As part of our Amplify Black Voices series, Caroline Whitham, Finance & Administration Worker at
Scottish PEN, shares her reading recommendations.
The Black Lives Matter movement asks white people like me not only to dismantle structural racism but to ask ourselves as allies why we have failed to do so already. We are called upon to examine the times we personally have failed to listen to black voices, or have weighed white opinions more heavily. One way in which our unconscious biases mislead us is that we identify with people who look like us and have similar backgrounds to ours. Unfamiliarity with the black experience is a stumbling block that not only affects those who don’t want to listen, but those of us who do but are subconsciously afraid of being confronted with our own privilege and complicity.
Reading offers us a path to understanding and identification with experiences beyond our own, and opens a window through the eyes of black writers to perspectives white people could only otherwise have understood from the outside.

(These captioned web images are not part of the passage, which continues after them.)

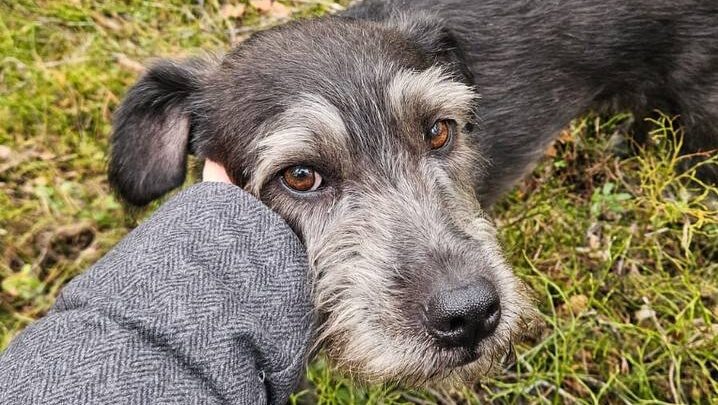 «Больше никому не отдам!» Россиян довёл до слёз ролик о возвращении собаки, которая три дня скиталась по улицам Петербурга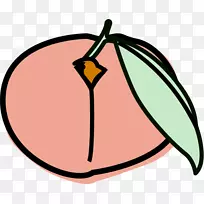 剪贴画png图片水果文件格式开花植物.雪糕-空若网 剪贴画png图片水果文件格式开花植物.雪糕-空若网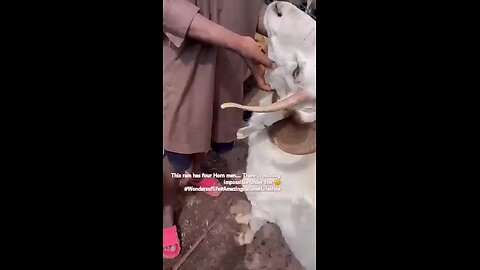 ram with four horns.........
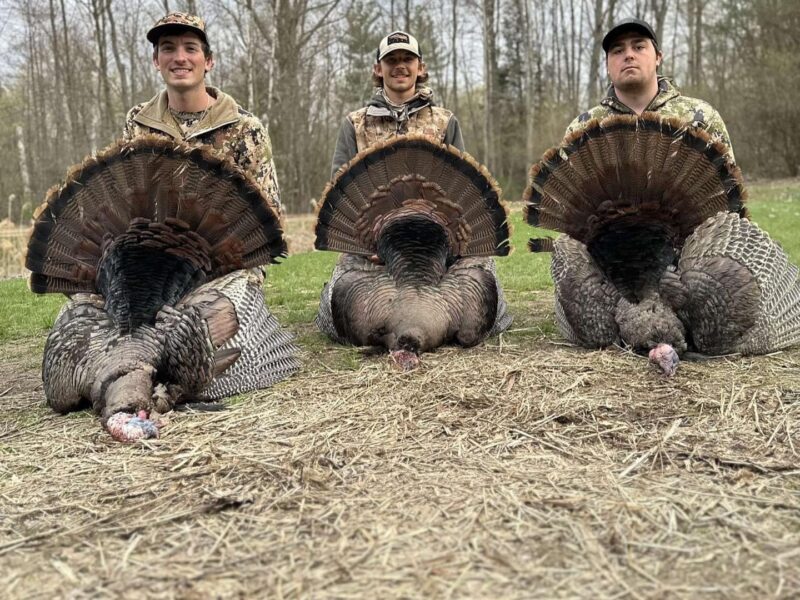 Michigan Turkey Hunts | Burning Sky Outfitters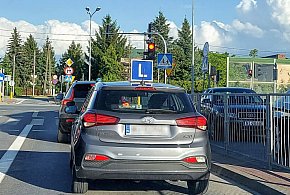 Egzamin na prawo jazdy będzie inny. Od 1 lipca nowe zasady-10850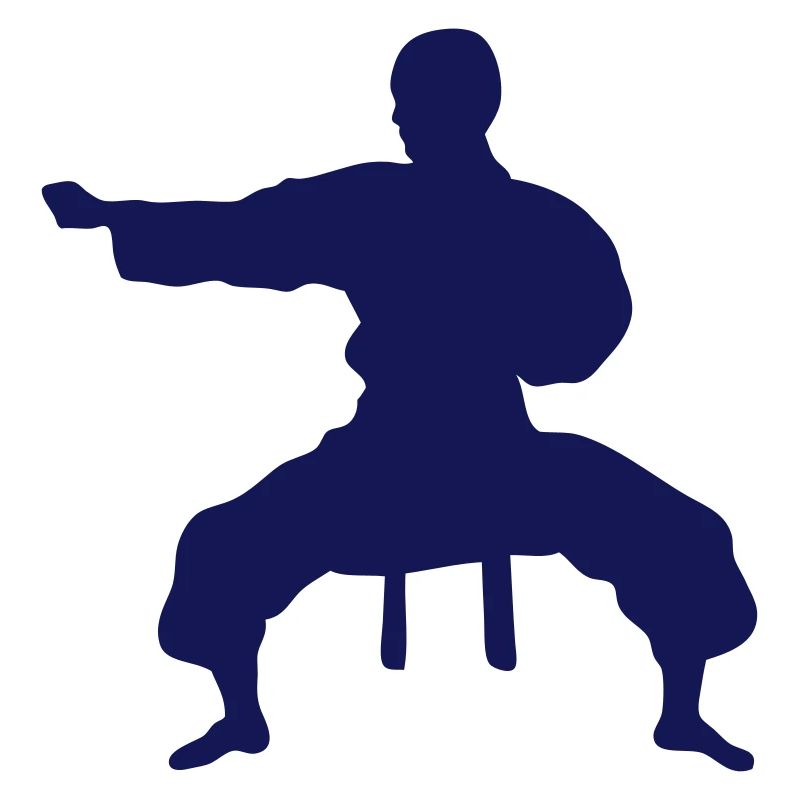 combat karate icone 17 2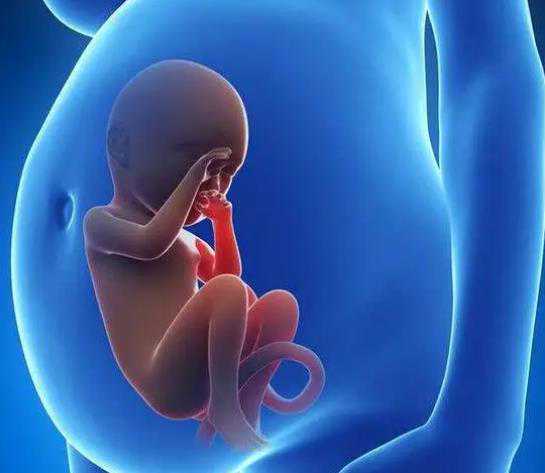 快速瘦身的方法有哪些?探索减肥奥秘,告别肥胖!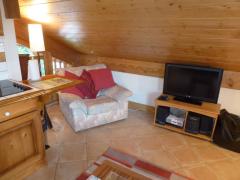Appt. Trappeurs - The living room (4)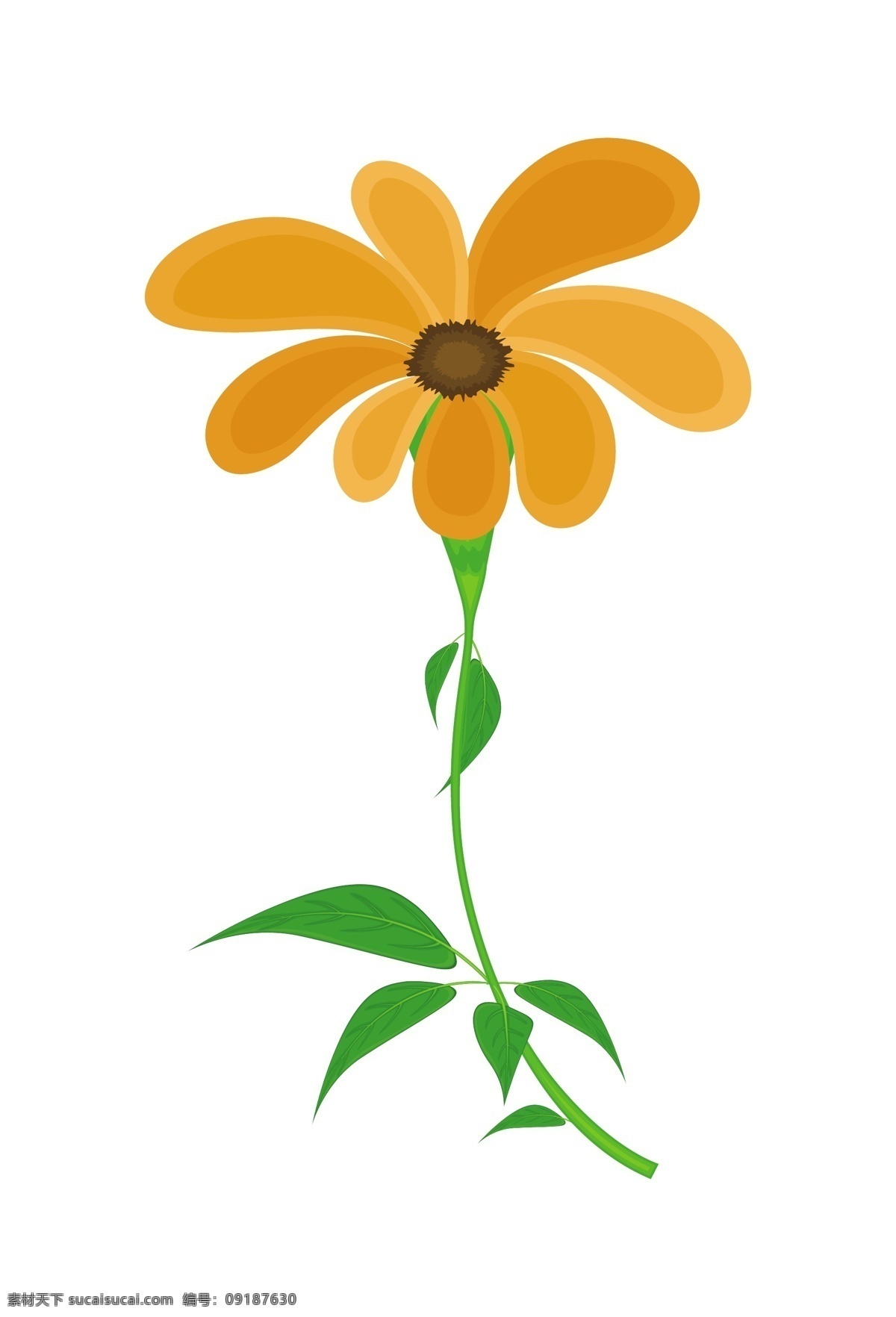 橙色雏菊向量 白色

In that spirit I would like to recommend three books that I have read recently, and that have helped me to continue on a path towards addressing my own biases, and hopefully becoming a better ally and human.
Before writing The Color Purple, Alice Walker published her second novel, Meridian, in 1976. The titular character is a symbol for the changing black rights movement, as frustration with the ongoing racism of America radicalises the idealists of the 60s. Although we are first introduced to Meridian through the eyes of her former lover, Truman, as a martyr to the cause, each subsequent page, particularly those written from Meridian’s perspective, contains sharp insight into the life of a black woman and the formation of an activist. The book is extraordinary, packed with thought provoking commentary on race and gender, making you want to linger over each chapter, but urgent enough to echo the drive of the main character and make you want to rush through it. Above all, Meridian is suffused with exhaustion, demonstrating how little has changed when one of the most frequently heard statements 45 years later is, “Imagine how tired we are.”
Jackie Kay’s first novel, Trumpet negotiates a space where race meets LGBT+ issues. Beginning after the death of family patriarch and famous jazz musician Joss Moody, the novel follows wife Millie through her pure, agonising mourning as she remembers the love of her life, and their son Colman, whose relationship with his idolised father has been shaken to the core by revelations following his death. Millie’s recollections of dating and marrying a black man as a white woman in 1950s and 60s Glasgow are contrasted against Colman’s more modern sensibilities as a young black man living in London. Meanwhile Sophie Stones, a selfish journalist, hovers over Colman fanning the flames of his anger in the hopes of exploiting him to get a tell-all biography published. Kay captures beautifully the pain and suffering of mourning and the process of coming to terms with loss.
I first read My Sister the Serial Killer by Oyinkan Braithwaite when I was recovering from an operation, and her direct, insightful prose helped me to escape into the crowded roads and stifling society of Lagos, where we first meet Korede cleaning up after a murder. As the eldest daughter of an abusive politician, Korede has always protected her little sister Ayoola, and she is unable to break the cycle even when her sister develops a habit of killing her boyfriends.
Society’s rewards for physical attractiveness versus strength of character in women is a major theme as plain Korede watches beautiful Ayoola negotiate the world, as well as the complex relationships between sisters and families. Braithwaite is able, perhaps because of her background in poetry, to very concisely describe incidents and scenes that quickly immerse a global reader into a possibly unfamiliar setting, providing a rich background against which her imperfect characters shine.